## [RECORDED INFORMATION]
---*---

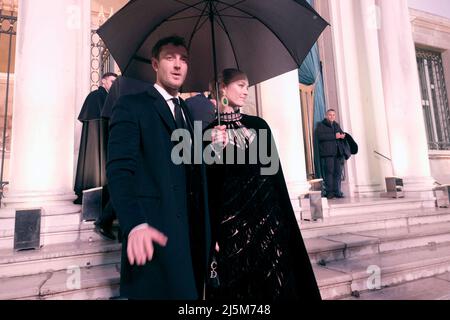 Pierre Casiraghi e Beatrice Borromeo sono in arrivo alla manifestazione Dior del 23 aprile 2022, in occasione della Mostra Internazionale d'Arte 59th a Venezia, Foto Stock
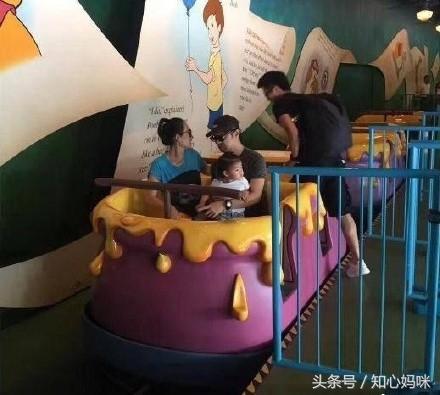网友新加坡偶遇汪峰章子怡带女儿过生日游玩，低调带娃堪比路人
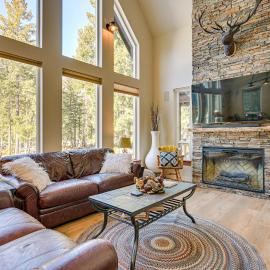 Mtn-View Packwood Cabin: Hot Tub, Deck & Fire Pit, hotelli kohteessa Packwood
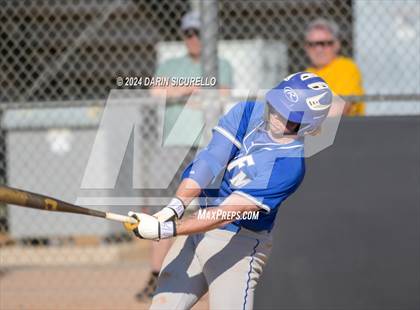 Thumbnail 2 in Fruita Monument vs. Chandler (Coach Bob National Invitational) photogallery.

---*---

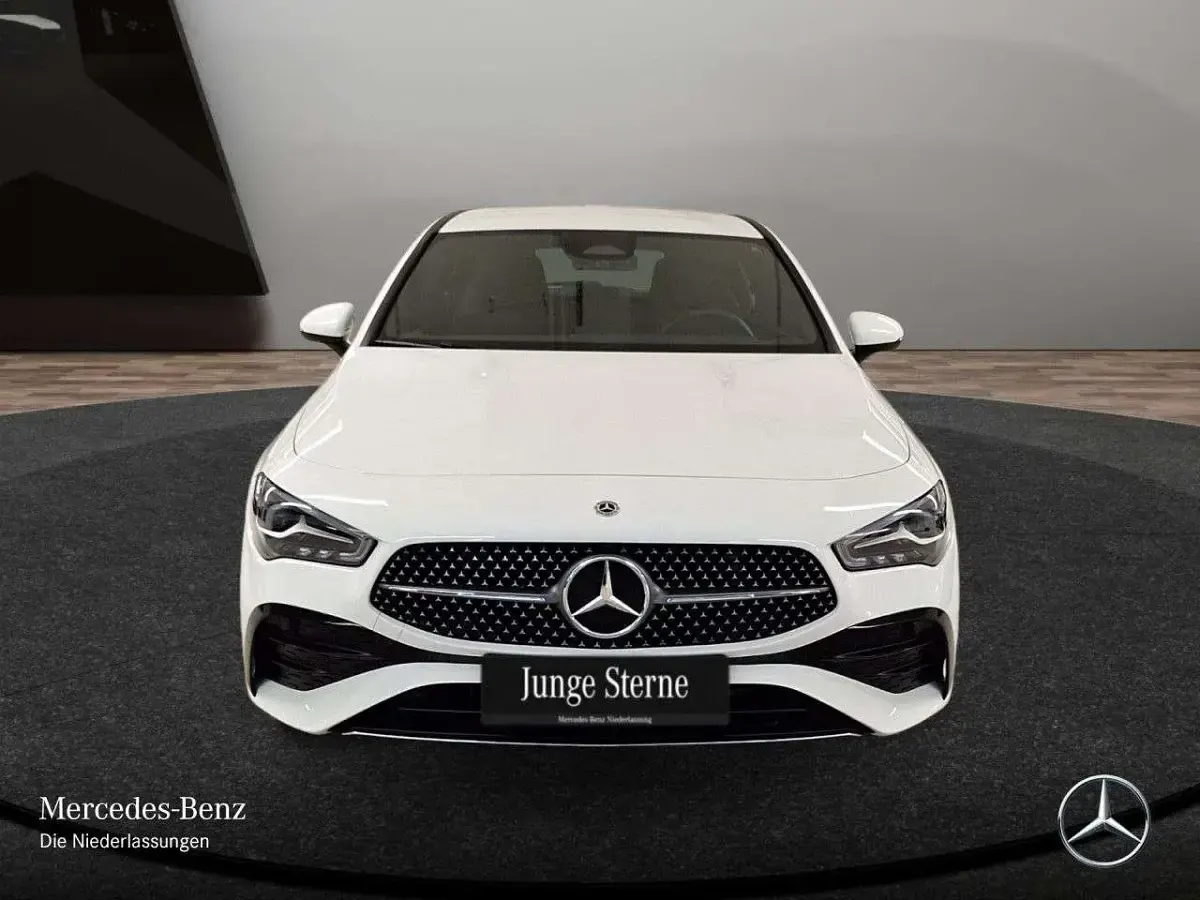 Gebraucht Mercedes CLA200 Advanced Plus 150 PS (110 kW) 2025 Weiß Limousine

---*---

## [WORK ITEM]
When copying from the data above, print only the lines from the line containing "Pierre Casiraghi e" to the line containing "Thumbnail 2 in", exactly, and leave the pictures out.

## [SOLUTION FOR THIS TASK]
 Pierre Casiraghi e Beatrice Borromeo sono in arrivo alla manifestazione Dior del 23 aprile 2022, in occasione della Mostra Internazionale d'Arte 59th a Venezia, Foto Stock
网友新加坡偶遇汪峰章子怡带女儿过生日游玩，低调带娃堪比路人
 Mtn-View Packwood Cabin: Hot Tub, Deck & Fire Pit, hotelli kohteessa Packwood
 Thumbnail 2 in Fruita Monument vs. Chandler (Coach Bob National Invitational) photogallery.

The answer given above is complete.